1 Preface
For a long time, I have always asked myself what I want to learn and whether it will help my current job?
Yes, there are too many new things in the computer industry. If I talk about them all, I am also confused. It must be irrational and time-consuming, it is very likely that you have not learned deeply.
For massive data, the so-called big data, this term may be one of the hottest technologies. But do we really need to do it? I personally think that if the data you want to process does not reach the "massive" level, you should put it first. There is really no need to study for work, learning for research is another thing, not to mention it.
Unfortunately, some of the data on my hand (0.1 billion in magnitude) is too large, and traditional databases are no longer able to perform calculations, such as sorting tasks. This misfortune is actually a lucky thing, because it can finally be solved by the so-called "Big Data" technology.
Therefore, before you want to use a new technology, you 'd better ask yourself, "Is there a piece of meat that is hard to cut with such a quick knife "?
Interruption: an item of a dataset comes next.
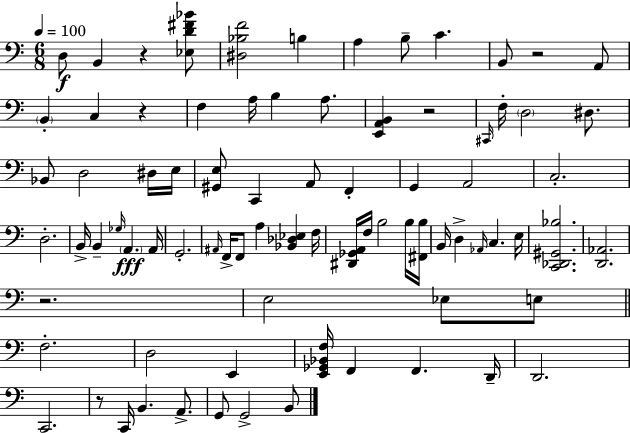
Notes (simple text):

2. Basic big data knowledge preparation
Environment: several servers, of course, can also be single-host; it is only a matter of efficiency.
Basic: hadoop
Algorithms: Understanding the "divide and conquer" concept in classic algorithms
For big data sorting tasks, we need a hadoop runtime environment to run our sorting tasks.
3. Use terasort Resources
In fact, there is a very good example terasort in the hadoop source code.
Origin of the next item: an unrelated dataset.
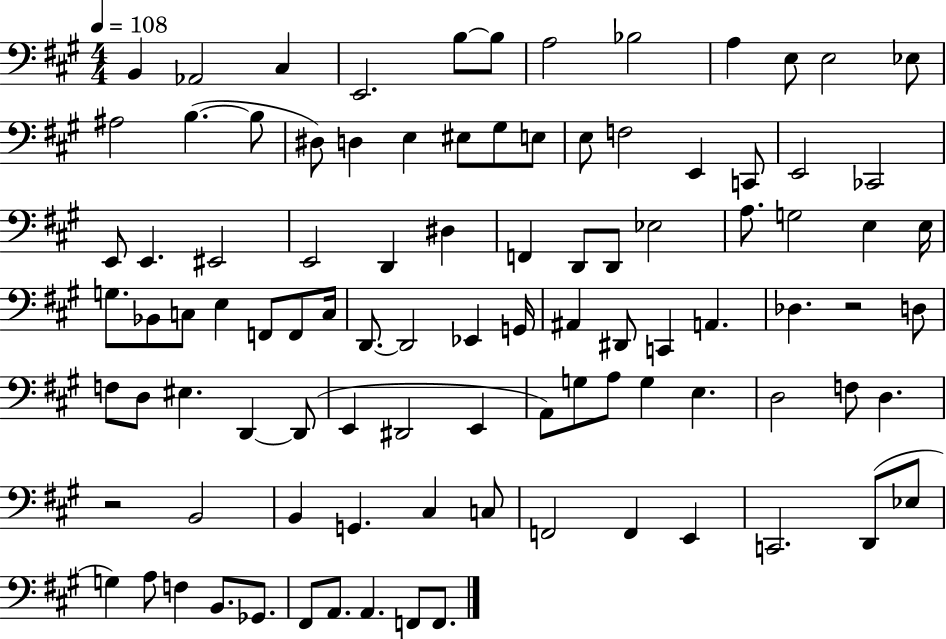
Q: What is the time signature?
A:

The hadoop terasort sorting algorithm consists of three steps: Sampling-> map task to mark data records-> reduce task to perform local sorting.
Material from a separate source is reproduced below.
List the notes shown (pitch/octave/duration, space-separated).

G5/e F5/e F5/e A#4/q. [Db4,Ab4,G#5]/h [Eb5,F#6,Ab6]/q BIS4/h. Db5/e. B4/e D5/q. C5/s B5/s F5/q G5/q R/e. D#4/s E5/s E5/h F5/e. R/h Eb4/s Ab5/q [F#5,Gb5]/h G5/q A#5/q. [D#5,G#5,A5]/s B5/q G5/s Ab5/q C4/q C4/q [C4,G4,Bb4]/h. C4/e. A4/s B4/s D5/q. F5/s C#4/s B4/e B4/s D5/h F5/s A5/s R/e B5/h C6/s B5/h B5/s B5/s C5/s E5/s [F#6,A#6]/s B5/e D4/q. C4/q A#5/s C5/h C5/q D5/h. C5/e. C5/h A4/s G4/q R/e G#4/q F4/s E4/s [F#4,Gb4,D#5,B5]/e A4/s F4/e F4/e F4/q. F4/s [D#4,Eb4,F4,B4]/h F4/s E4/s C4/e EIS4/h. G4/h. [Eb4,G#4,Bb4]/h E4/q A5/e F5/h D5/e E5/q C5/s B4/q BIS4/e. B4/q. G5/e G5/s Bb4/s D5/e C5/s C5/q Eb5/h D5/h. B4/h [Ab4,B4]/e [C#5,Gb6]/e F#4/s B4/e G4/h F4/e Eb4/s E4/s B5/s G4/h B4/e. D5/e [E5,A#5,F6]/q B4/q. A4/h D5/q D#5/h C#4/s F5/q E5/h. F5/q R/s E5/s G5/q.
Data Sampling is performed on the jobclient. First, some data is extracted from the input data, sorted, and divided into R data blocks, find the data ceiling and deprecation (called "Split points") of each data block and save these Split points to the distributed cache.
In the map stage, each map task first reads the Split points from the distributed cache and establishes a trie tree (two-layer trie tree, the reduce task number corresponding to the node is saved on the leaf node of the tree ). Then start processing the data. For each piece of data, find the number of the reduce task in the trie tree and save it.
In the reduce stage, each reduce task reads its corresponding data from each map task for local sorting, and finally outputs the result after the reduce task is processed by the reduce task number in sequence.
4 Sorting Algorithm ideas
For sorting massive data, the algorithm concept remains unchanged and the meaning remains unchanged.
Brief process description
1. Data preparation stage: obtain the data to be sorted from the target HDFS file, for example
12 24 11 60 23 46 79 1 21
2 sampling phase: Obtain the bucket division sample, such
11 24 46
4 buckets,-n ~ 11, (11 + 1 )~ 24, (24 + 1 )~ 46, (46 + 1 )~ + N. N indicates infinity.
4-bucket Division (bucket) stage: place each data to be sorted into the corresponding bucket by interval, such
Bucket A:-n ~ 11 -- 1
Bucket B: (11 + 1 )~ 24 -- 12, 24, 11, 23, 21
C Bucket: (24 + 1 )~ 46 -- 46
D Bucket: (46 + 1 )~ + N -- 60, 79
Note that the number of buckets is the number of reduce.
In this way, even if our samples are not needed, we can quickly sort buckets so that the buckets are output in sequence.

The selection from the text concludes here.